The start of Big Ten play is just two weeks away, so we’re tipping off our 2014-15 Big Ten Power Rankings a bit early. In this week’s rankings we run-down how various Big Ten teams have performed throughout the non-conference season and attempt to sort out the confusion in the conference pecking order after the first two spots while focusing on Ohio State’s zone defense, Michigan’s timeout efficiency, Purdue’s post-up game and Indiana’s halfcourt offense.
1. Wisconsin (10-1)
Wisconsin lost its marquee home game against Duke in the Big Ten-ACC Challenge, but the Badgers have otherwise lived up to their preseason billing. A Championship at the Battle 4 Atlantis and a pair of quality mid-major wins over Green Bay and Boise State have Wisconsin sitting in the same spot where it was in the preseason: at the top of the standings.
2. Ohio State (8-1)
I scratched my head when I saw the headline this fall that Thad Matta wanted to switch to zone defense this year. Ohio State has played almost exclusively man-to-man for the last five seasons and the Buckeyes were ranked 30th, 16th, 7th, 12th and 3rd nationally in defensive efficiency. Defense hadn’t been much of an issue in Columbus, but Matta felt like playing a zone could allow more practice focus on offense.

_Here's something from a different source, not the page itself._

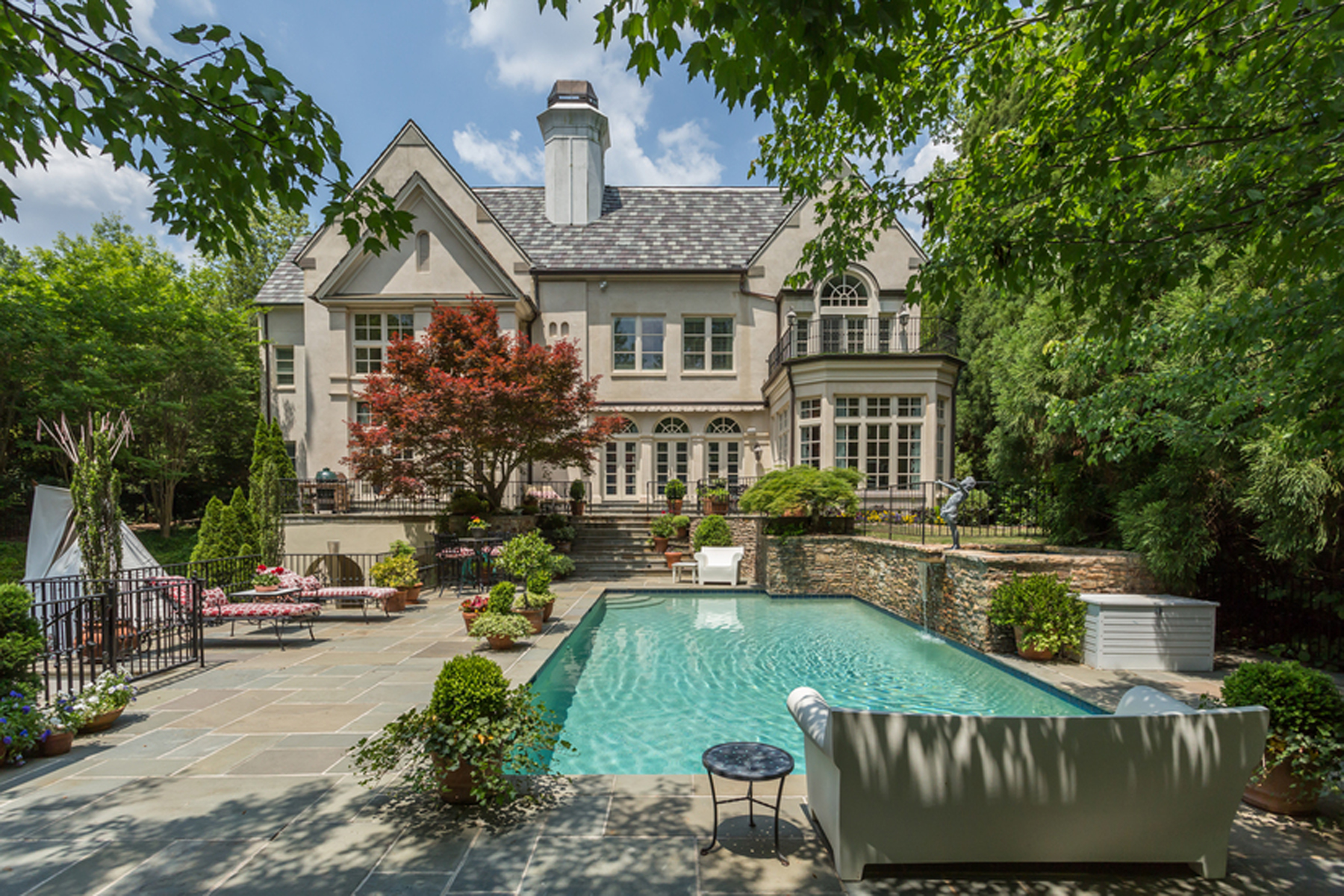 How to Choose the Best Buckhead Real Estate Agent Atlanta Fine Homes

Offseason talk can often turn into little more than just talk, but Matta wasn’t kidding. The Buckeyes are a zone defense through and through this season, the only one in the Big Ten. The Buckeyes have used their zone defense on 91.5% of their offensive possessions this season and are surrendering just .744 points per zone possession. That makes the Buckeyes one of 11 teams in Division I that run a zone defense on over 80% of their defensive possessions and they grade out well through nine games, trailing only Syracuse, Eastern Michigan and Baylor.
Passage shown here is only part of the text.